My Dad made that mistake, setting them up was awkward and he nearly had his finger taken off!
 

GavinB

New Member
orienteer said:
Before getting the plug-in repeller, I used glue traps. Sounds cruel, but must be more humane than poison, and they just lie still and starve to death within hours.

Glue traps aren't more humane than poison. They struggle so violently on them that they pull their skin off and break limbs. Glue traps should be banned, they are the perfect metaphor of how badly humans can mistreat those lower than them on the chain. Dreadful things. They also encourage disease because they'll poop and pee all over the trap, since they'll be frightened. The trap instructions tell you to simply throw the animal into the bin.

You let them starve to death, instead of just killing them outright? That'd be misuse of any trap, how utterly barbaric of you.
 

GavinB

New Member
orienteer said:
Humane traps are pointless, letting them go means they return or go to someone else's house.

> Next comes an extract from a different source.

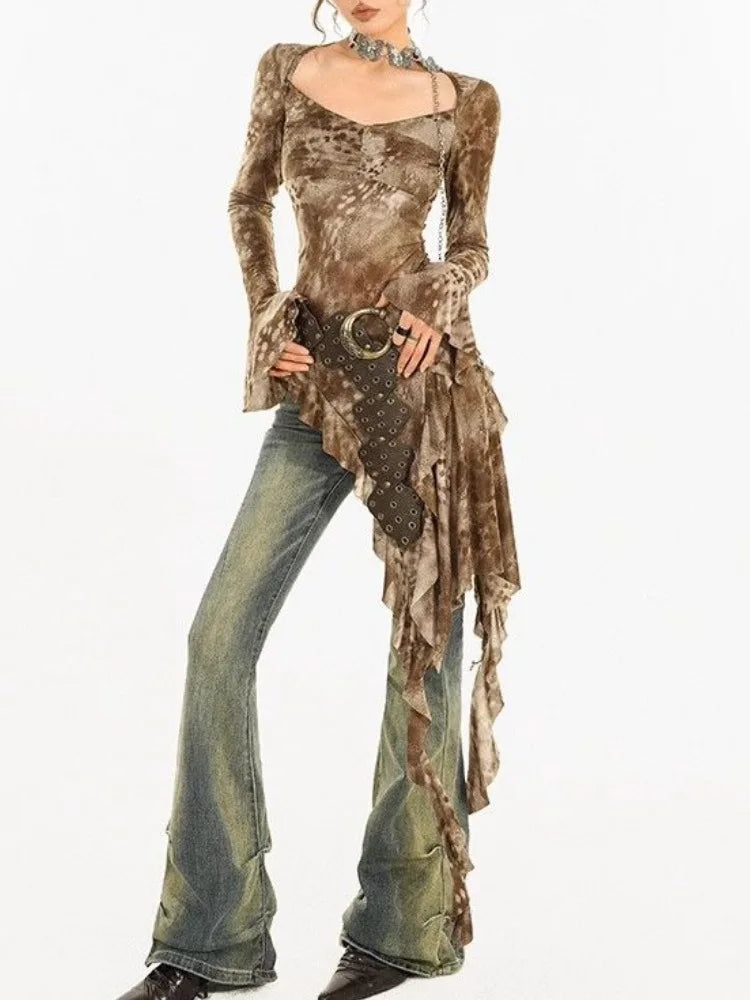 Feral Unsymmetrical Ruffled Blouses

They're not because they solve the problem you are facing. Plus, you don't even know if they'll go to someone else's house. Like you'd care anyway...
 

GavinB

New Member
I'm surprised people mention poison. Not only will it potentially kill the mouse within your walls (making a horrible smell), but it might poison other animals. Sometimes it's the only way though... at least it's better than glue traps.

Is bleeding to death internally really that painful? I mean, by the time it gets to that stage, you'd lose so much blood that you'd effectively be unconscious or in shock. If it is painful, why can't it have a numbing agent to soothe the pain? Oh, they're "only mice" and it might cost a little more, eh?